Saturday, September 17, 2005

Deja Vu

It was raining here for a week because of a low pressure area somewhere in Luzon. No typhoon, but the non-stop rains caused some minor floodings and we have no electricity since yesterday. I'm here at ASCOT and were running on generator power. On the way here I saw that Kinalapan and Dikaloyungan rivers are flooded, and there were some rockfalls and overflows on the roads. Someone told me that last night, the local disaster council was preparing to evacuate the residents of Obligacion, just in case situations turn to worse. They have trucks and firetrucks there waiting last night. I don't know if they evacuated, but luckily the rain stopped around midnight last night. The sky is still cloudy and i hope the sun would come out because we need to have our clothes dried :-). The Baler-Bongabong road is unpassable and there are lots of stranded vehicles there, according to the news. I don't know if the Canili Road is passable.
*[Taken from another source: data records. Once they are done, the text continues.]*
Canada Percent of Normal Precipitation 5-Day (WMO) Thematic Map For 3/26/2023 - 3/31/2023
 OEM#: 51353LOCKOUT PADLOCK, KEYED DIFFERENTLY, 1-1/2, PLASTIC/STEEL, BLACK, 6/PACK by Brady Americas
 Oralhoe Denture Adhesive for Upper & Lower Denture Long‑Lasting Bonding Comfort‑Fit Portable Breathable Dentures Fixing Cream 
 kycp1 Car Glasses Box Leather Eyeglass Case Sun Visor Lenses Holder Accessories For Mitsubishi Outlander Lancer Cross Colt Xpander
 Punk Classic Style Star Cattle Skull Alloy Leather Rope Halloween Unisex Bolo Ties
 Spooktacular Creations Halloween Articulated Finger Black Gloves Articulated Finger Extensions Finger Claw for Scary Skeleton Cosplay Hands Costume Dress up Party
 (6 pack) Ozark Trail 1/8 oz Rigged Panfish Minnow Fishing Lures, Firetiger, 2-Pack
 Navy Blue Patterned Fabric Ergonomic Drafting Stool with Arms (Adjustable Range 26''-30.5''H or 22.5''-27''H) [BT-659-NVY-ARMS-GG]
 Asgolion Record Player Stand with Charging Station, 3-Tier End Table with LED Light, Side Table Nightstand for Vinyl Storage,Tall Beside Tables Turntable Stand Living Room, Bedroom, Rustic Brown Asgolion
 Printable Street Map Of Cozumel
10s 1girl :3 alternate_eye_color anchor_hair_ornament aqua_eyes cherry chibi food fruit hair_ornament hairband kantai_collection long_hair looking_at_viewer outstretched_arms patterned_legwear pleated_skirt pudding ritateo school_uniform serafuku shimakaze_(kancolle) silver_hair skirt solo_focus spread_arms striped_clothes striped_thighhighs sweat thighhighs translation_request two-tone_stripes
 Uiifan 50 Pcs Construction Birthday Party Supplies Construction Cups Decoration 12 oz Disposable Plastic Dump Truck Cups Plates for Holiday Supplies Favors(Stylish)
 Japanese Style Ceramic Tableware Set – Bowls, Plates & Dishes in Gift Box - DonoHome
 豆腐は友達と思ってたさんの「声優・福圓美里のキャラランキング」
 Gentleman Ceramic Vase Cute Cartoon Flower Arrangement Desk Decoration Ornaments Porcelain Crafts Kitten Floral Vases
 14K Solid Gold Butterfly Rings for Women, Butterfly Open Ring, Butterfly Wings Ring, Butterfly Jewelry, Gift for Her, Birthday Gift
I'll post some pictures later.

Here are some news from the net:

From Tempo Online: "First, the 50-kilometer-long Baler-Bongabon Road (BBR), a vital road network linking Aurora to the rest of Central Luzon, has been rendered impassable to all kinds of vehicles since Monday due to the week-long downpour that hit the eastern province. Now, the entire Aurora province is without electricity. As of yesterday, Barangay Villa in Maria Aurora, in Aurora province, has been closed to traffic, after the bridge spanning the Villa River had been washed out by floodwaters. Newshen Grace Sansano, reporting in Baler from the stricken side of Aurora via cellphone, said that several electric posts of the Aurora electric cooperative (Aurelco) were felled by several landslides caused by the cascading floodwaters. The office of civil defense here was unable to provide immediate details as to the extent of the damage although search-and-rescue missions were mapped out yesterday. (Magtanggol C. Vilar)"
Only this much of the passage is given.